Per oltre due ore, l’incontro in Prefettura si è trasformato in uno sfogatoio in cui si è rappresentata solo in parte l’indignazione dei tanti che hanno valutato negativamente l’operato del ministro e del governo. Di Maio ha incassato i colpi come un pugile esperto, senza mostrare particolari segni di sofferenza.
Ha dichiarato comprensione per i contestatori, immedesimandosi nel loro punto di vista, giustificando però il proprio operato con l’impossibilità di agire diversamente di fronte ad un contratto con Mittal già segretamente firmato dal suo predecessore Calenda.
Una versione già sentita in passato, ma ribadita con più enfasi sotto le incalzanti critiche dell’ex consigliere Massimo Battista fatte al ministro. A chi gli rinfacciava il mancato intervento per annullare gli effetti dei dodici decreti salva Ilva, Di Maio rimpallava annunciando la cessazione a partire da agosto dell’immunità penale per gli amministratori di Mittal.
Mancato coinvolgimento delle associazioni nei tavoli decisori di Roma? Nessun problema: Di Maio invitava chiunque lo ritenesse utile a collaborare fornendo al governo idee e progetti per la riconversione di Taranto.
Perfino sulla valutazione preventiva di rischio sanitario in funzione dei livelli produttivi programmati, Di Maio si è mostrato disponibile a renderla oggetto di un prossimo provvedimento operativo, superando così la valutazione di danno a posteriori che ci rende tutti un po’ cavie da laboratorio.
Taranto deve sviluppare alternative alla grande industria, solo così si potrà cominciare un cronoprogramma che trasformi la città. Di tempi certi Di Maio non ha parlato.
“Da ministro non ho mai pensato di chiudere Ilva”. Di Maio lo aveva espresso chiaramente in mattinata nell’altro tavolo (quello che forse davvero contava) con istituzioni locali ed esponenti vari del microcosmo tarantino.

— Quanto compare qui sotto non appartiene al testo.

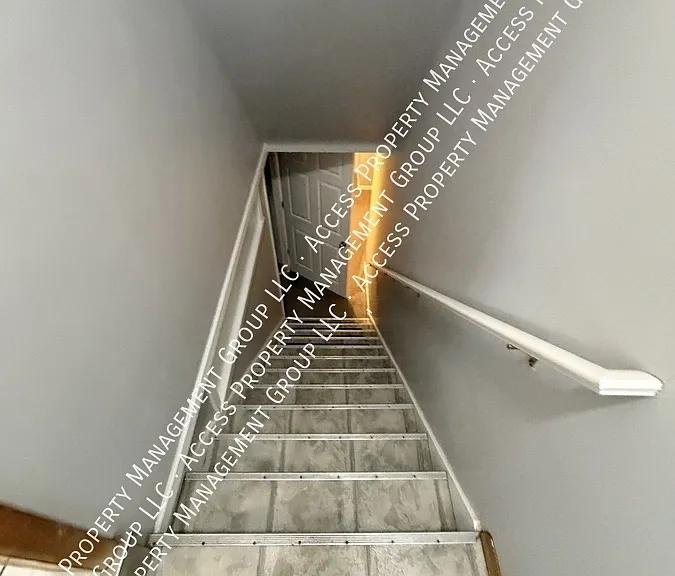 1457 Mayfield Ave NE — Photo 28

Tutti rassicurati dalle parole del ministro: “Mittal dà lavoro a ventimila persone”, un’implicita assicurazione sulla sua lunga sopravvivenza. Il governo non stanzia nuovi fondi per Taranto, ma vengono sbloccati quelli già contabilizzati in passato. Roma seguirà passo per passo progetti che interesseranno sanità, Università, bonifiche, Città vecchia, porto, imprese, comuni della provincia.
Tra le proposte maggiormente degne di nota, quella del Presidente della Provincia di restaurare palazzo Frisini, lo storico Liceo Ferraris, per utilizzarlo come sede di un centro di ricerca . Soldi, tanti soldi per Taranto. I presenti, come ad una festa di compleanno, sorridono contenti al festeggiato Di Maio che taglia la torta.

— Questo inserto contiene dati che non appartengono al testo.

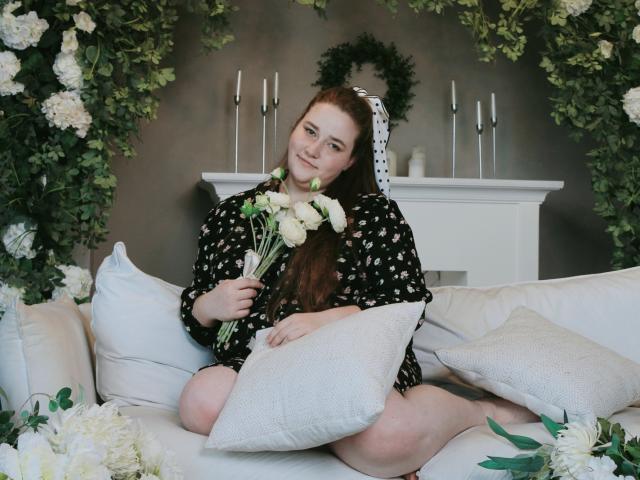 DaniellaGraceZZ - ライブポルノ&amp;セックスカム - 21042318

Persino il presidente della Regione Emiliano, un po’ preoccupato dall’eccessiva intrusione del governo nella gestione dei progetti che partiranno, è stato rassicurato da Di Maio: Roma non scavalcherà le competenze degli enti locali sulla gestione dei fondi disponibili.
In tanti stasera saranno tornati a casa ben contenti della visita dei ministri a Taranto. Nessuno stravolgimento, per ora, dei programmi industriali e parecchi soldini per muovere un’economia anemica che senza aiuti è in sofferenza.

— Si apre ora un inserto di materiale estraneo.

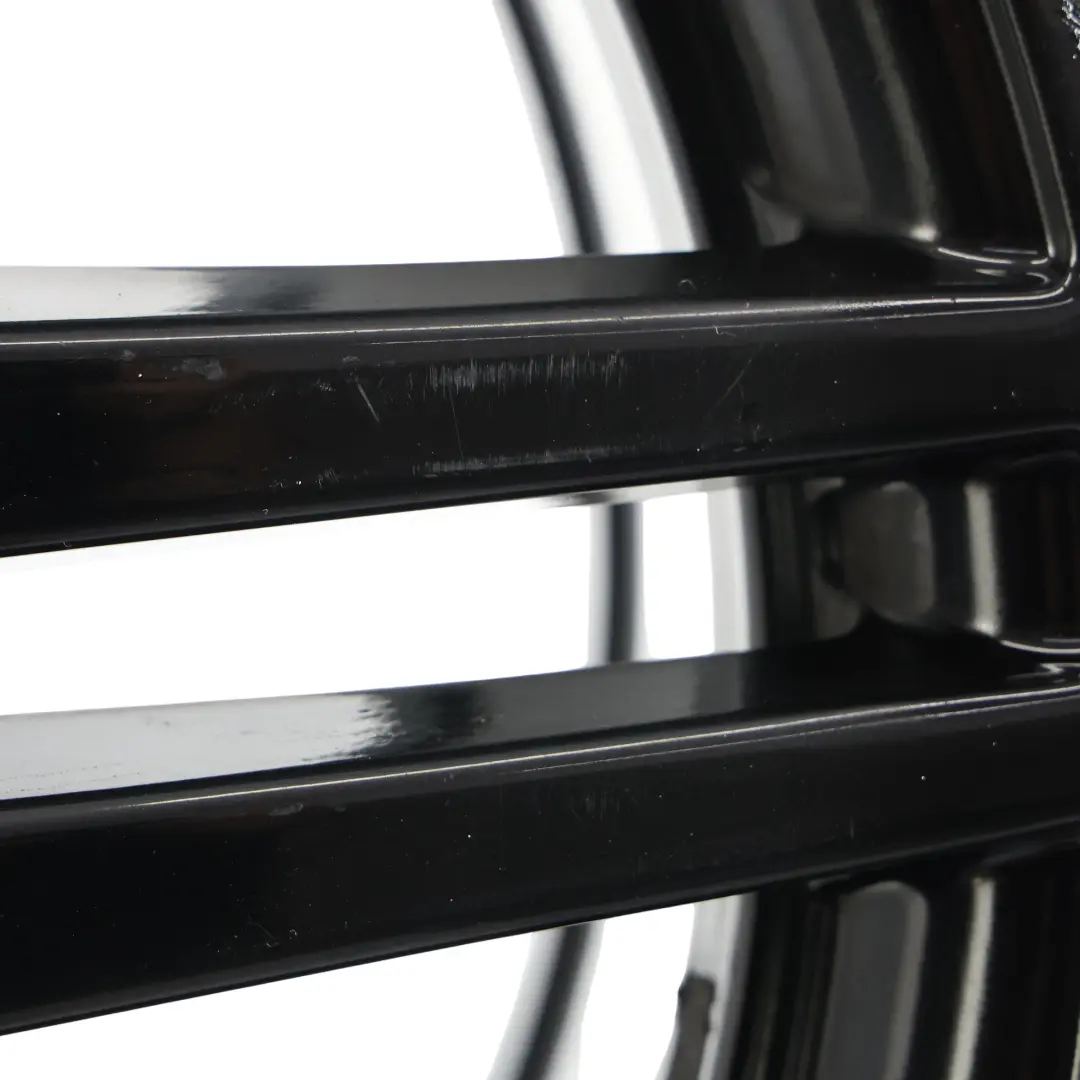 Tylna Czarna Felga Aluminiowa 18" 8.5J ET:49 do Mercedes C207 AMG o numerze A2074011402 Mercedes C207 AMG Tylna Czarna Felga Aluminiowa 18" 8.5J ET:49 - SKU A2074011402-5 - Numer Części A2074011402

Qualche passo in avanti si preannuncia su alcune modifiche anticipate da Di Maio rispetto a norme riguardanti immunità penale e danno sanitario che, con Calenda al MiSE, ci avevano indotti a livelli davvero alti di intolleranza per le istituzioni.
Tutti riconvocati tra due mesi, quando si farà il punto sullo stato di avanzamento dei progetti che dovrebbero presto partire. Appena fuori dalla zona rossa della Prefettura in tanti protestavano silenziosi o esprimendo ad alta voce la propria delusione per il capo di un Movimento a cui avevano creduto.
Una giornata particolare in riva allo Ionio, ma non troppo diversa da tante altre che la nostra città ha vissuto in passato. Di parole per Taranto, negli anni, ne sono state spese fin troppe senza che abbiano mai portato un vero cambiamento. Vedremo anche questa volta cosa accadrà in concreto. Intanto i camini continuano a fumare e continueranno per molto ancora.